Friday, January 7th, 2011

Group IQ, according to a study out of MIT’s Sloan school, has less to do with the group’s average IQ than you might expect:

In two studies, researchers divided 699 people into groups of two to five people. They measured each team member’s intelligence individually, but then gave the teams intelligence-testing tasks to solve — figuring out the next pattern in a sequence, brainstorming the different potential uses of a brick. Then, the group performed a more complex “criterion” task, such as playing checkers against a computer or completing a complicated architectural task with Legos, which was used to understand whether the collective intelligence researchers measured in the initial tasks correctly predicted the group’s abilities.

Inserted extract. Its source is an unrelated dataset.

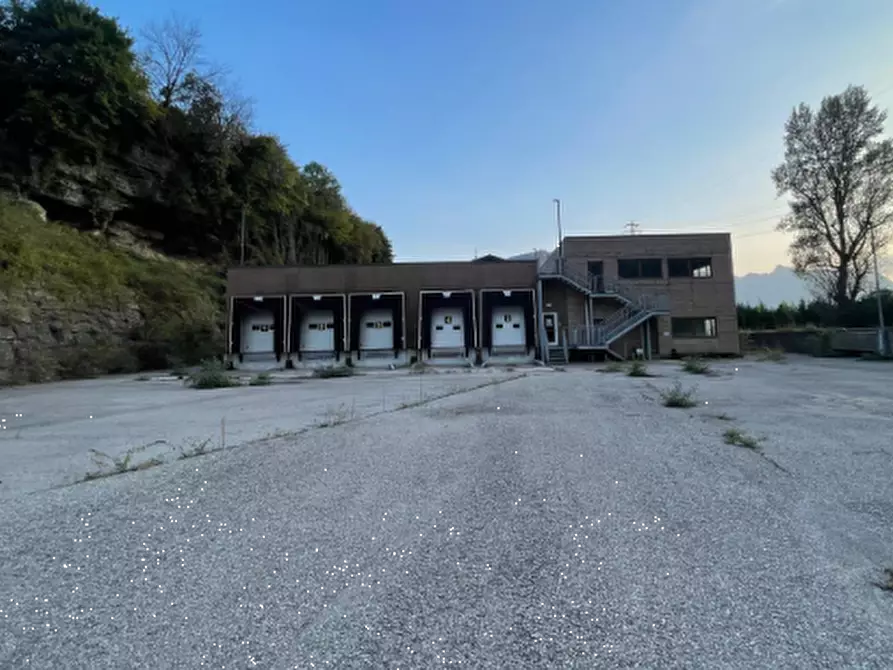 Immagine 7 di Laboratorio in vendita  in Viale Guglielmo Marconi a Villa D'ogna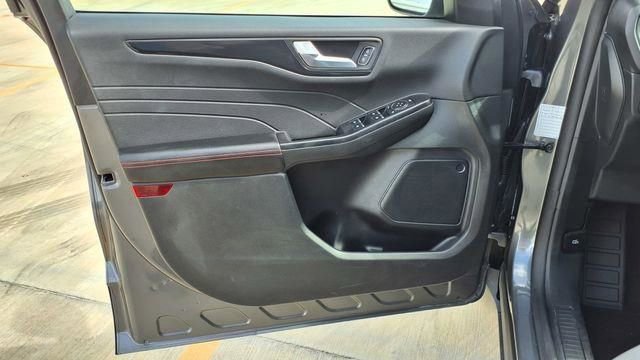 Used 2025 Ford Escape ST-Line image 16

What the researchers found was that groups’ collective intelligence strongly predicted how well they did in the computer checkers game and on the Legos task — evidence that something called “collective intelligence” did in fact exist. What was more surprising, however, was that neither the average intelligence of the group members nor the person with the greatest intelligence strongly predicted how well the group did.

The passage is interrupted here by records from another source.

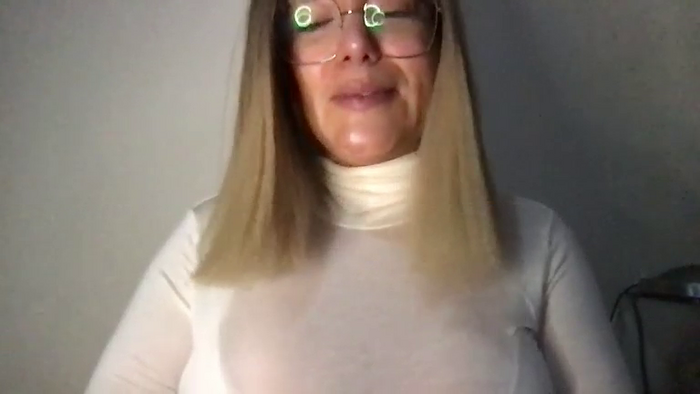 MistressLouUK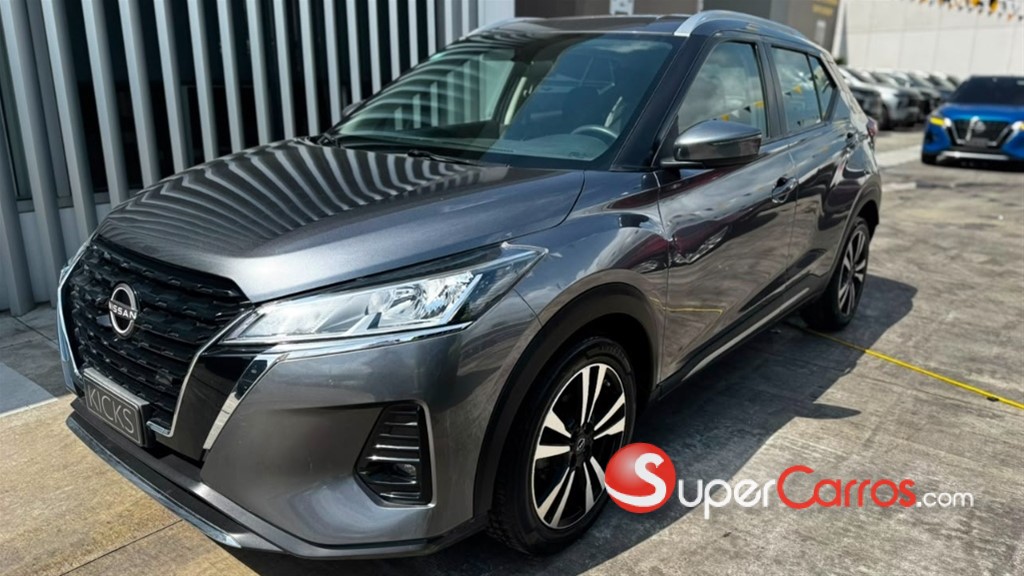 2023 Nissan Kicks Advance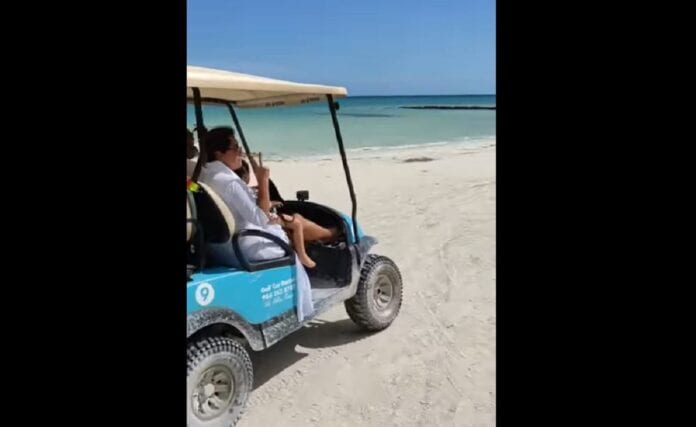 Turistas circulan en costas de Holbox en carritos de golf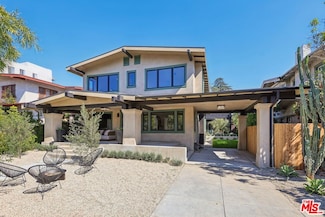 1812 N Kenmore Ave, Los Angeles, CA 90027
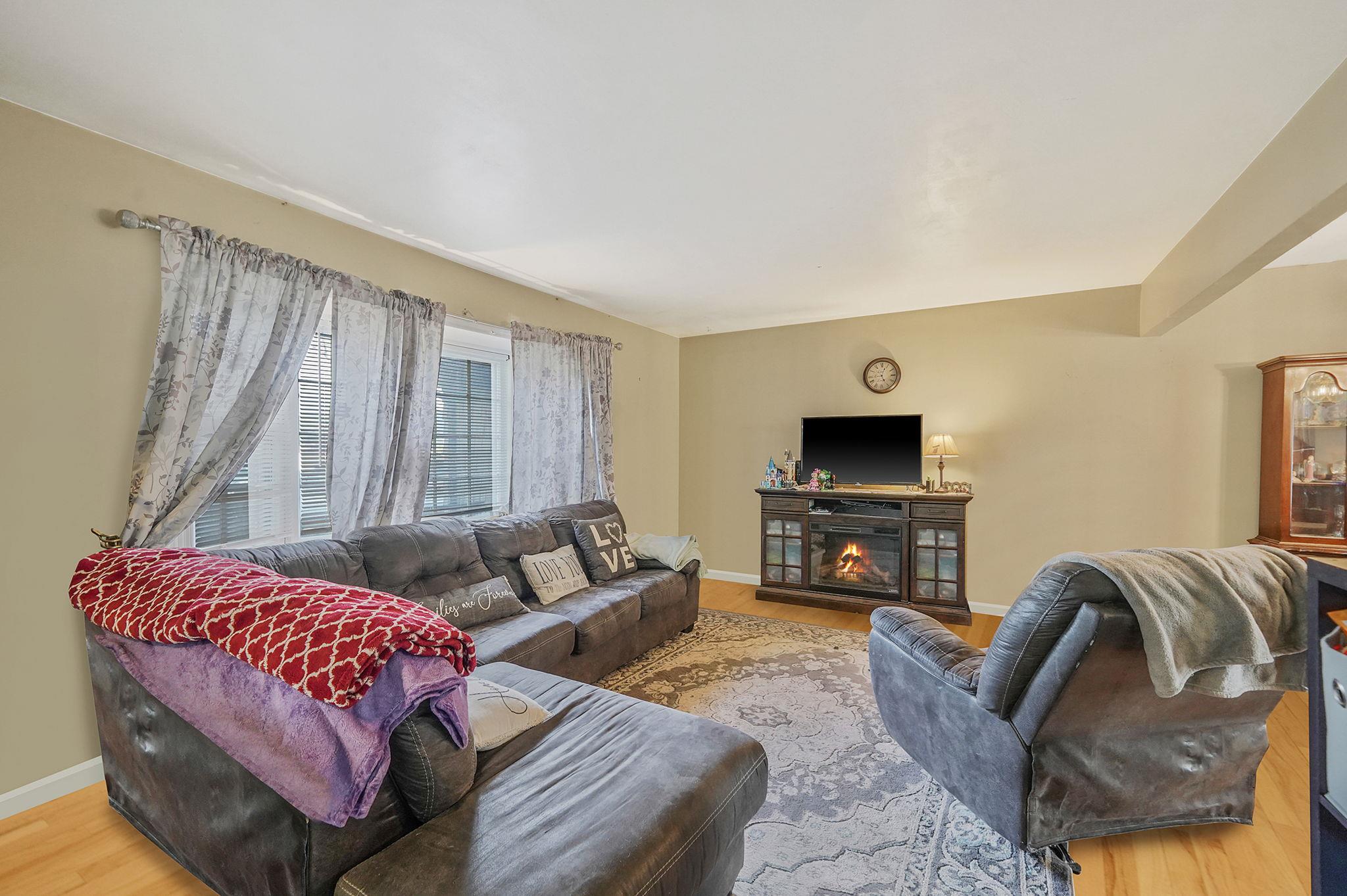 #9 photo, 210 Oakdale Bohemia Road, সাফোক কাউন্টি Bohemia , NY 11716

Other tenets of group success also seemed to fall by the wayside: A group’s motivation, satisfaction, and unity were unimportant. Instead, the researchers found that when a group had a high level of collective intelligence, the members tended to score well on a test that measured how good they were at reading other people’s emotions. They also found that groups with overbearing leaders who were reluctant to cede the floor and let the others talk did worse than those in which participation was better distributed and people took turns speaking. And they also found that the proportion of women in the group was a predictor of collective intelligence — a factor they believe was likely influenced by women’s generally superior social sensitivity.

Comments

  1. Johnny Abacus says:

    It sounds like they are really talking about group dysfunction.

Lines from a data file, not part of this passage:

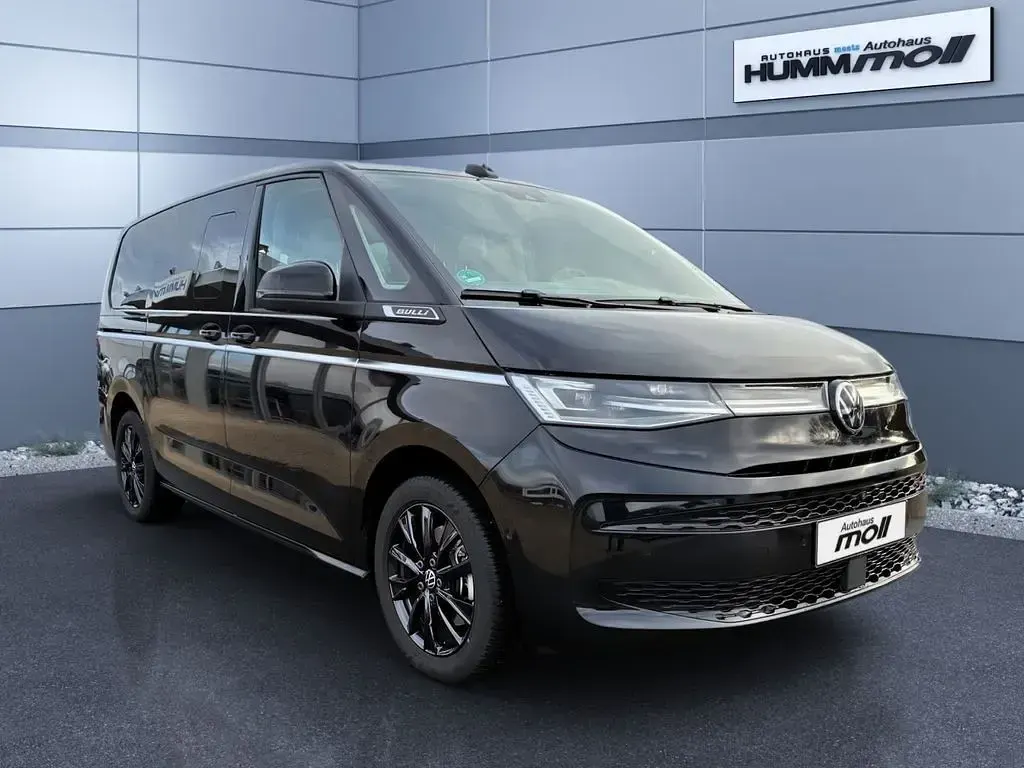 Gebraucht VW Multivan Style 150 PS (110 kW) 2025 Schwarz Van / Kleinbus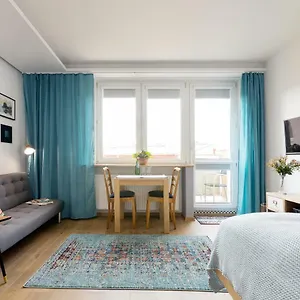Klimatyczne Metro Słodowiec Apartament Warszawa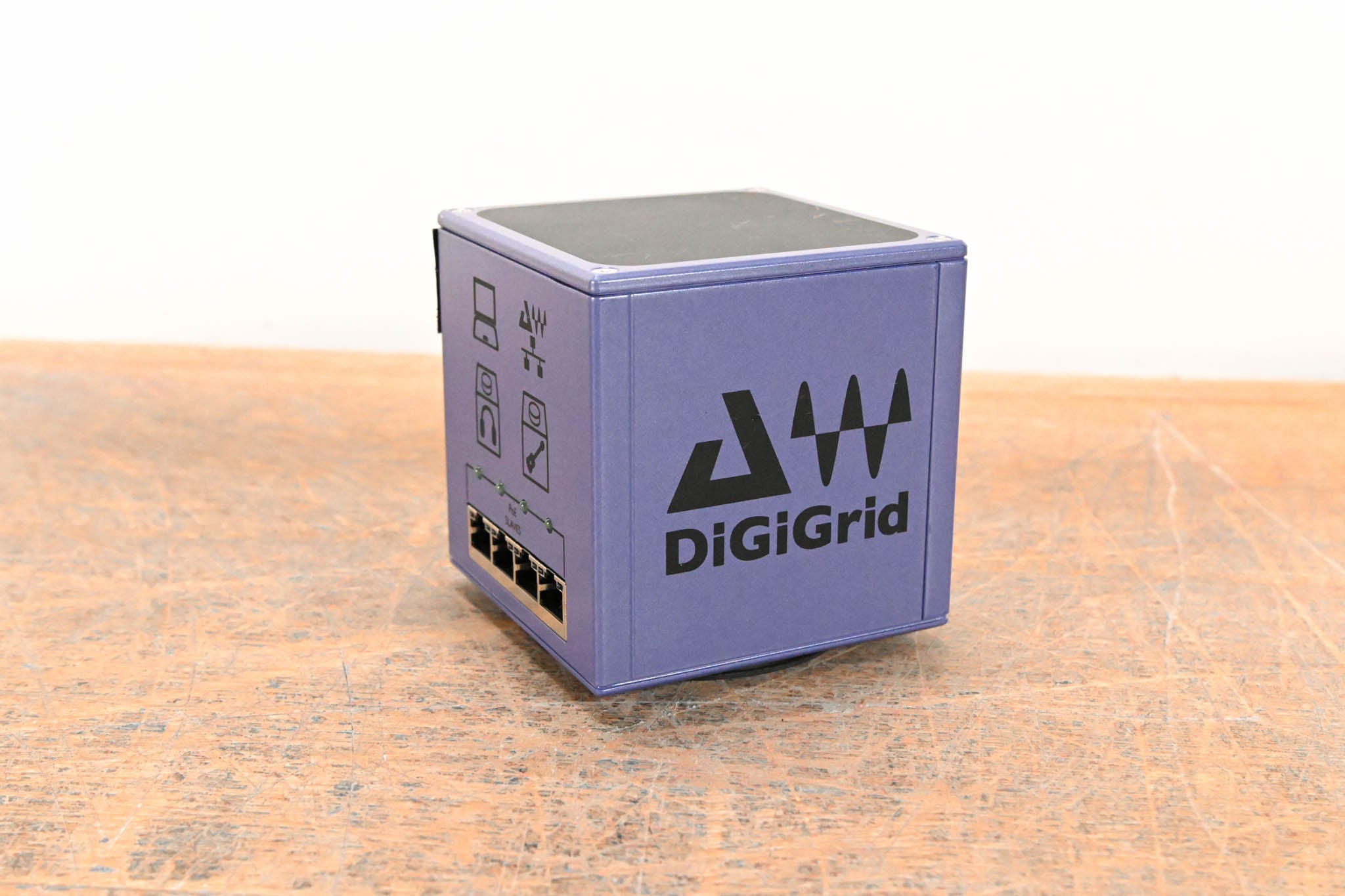 Waves DigiGrid S Gigabit Ethernet Switch with PoE (NO POWER SUPPLY)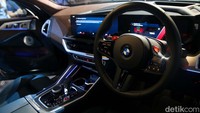 Pada dapur pacunya, BMW XM dibekali dengan mesin 4.4 L twin-turbo V8. Mesin tersebut dikombinasikan dengan motor elektrik. Total tenaga yang dihasilkan bisa mencapai 653 tk pada 5.400 rpm dan torsi 800 Nm pada 1.600 rpm. 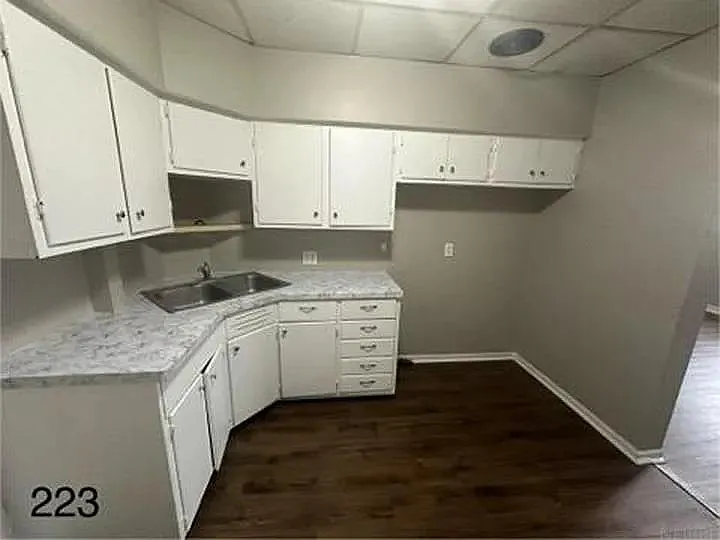 227 Allen Street, Unit 223 — Photo 3
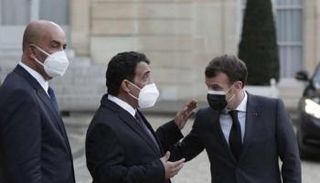 ماكرون مع رئيس المجلس الرئاسي الليبي  - رويترز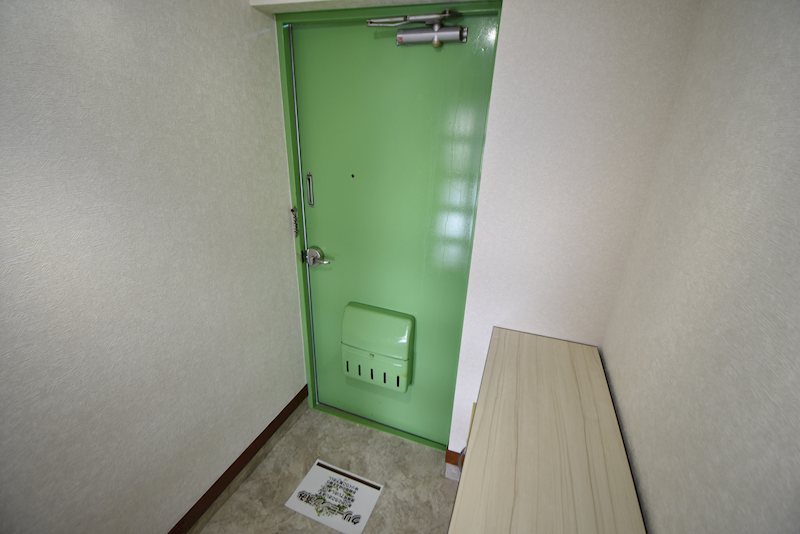 ハイデンス吉田 玄関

    Two things I’d like to see:

    1. The subjects run through the tasks individually. I suspect that the average individual score will be higher than the average group score.

    2. The groups asked to do really hard tasks — the last 10% of raven’s progressive matrices, for example. I suspect that, to do well in such a task, IQ is necessary but not sufficient (i.e. well functioning groups are not smarter than their members).

  2. David Foster says:

    “Intuitively, we still attribute too much to individuals and not enough to groups. Part of that may just be that it’s simpler; it’s simpler to say the success of a company depended on the CEO for good or bad, but in reality the success of a company depends on a whole lot more,” said Tom Malone.

    This is a little simplistic. Few knowledgeable people think the reason the company’s success depends on the CEO is because he makes all the decisions himself; rather, the CEO hires people, who in turn hire other people, who sent the tone and the way things are done, which does indeed have a great deal to do with the collective intelligence of the group.

    There are of course long time-lags in this process: at GE, for example, the kind of culture that Jack Welch built surely still has a huge impact on what his successor Jeff Immelt is and is not able to accomplish, a decade later.

  3. Isegoria says:

    Ideally, the group would get any question right if anyone in the group got it right. So, the best group score would come from a diverse group that could recognize when someone had the right answer — either because everyone had a clear area of expertise, or because the answers were easy to verify, as with many brain-teasers. The worst group score would come from like-minded individuals who all thought they knew more than everyone else about everything — like, say, a group of young MBAs.

  4. Isegoria says:

    The executive’s job is made especially challenging by the way he’s fed information from not-so-impartial sources.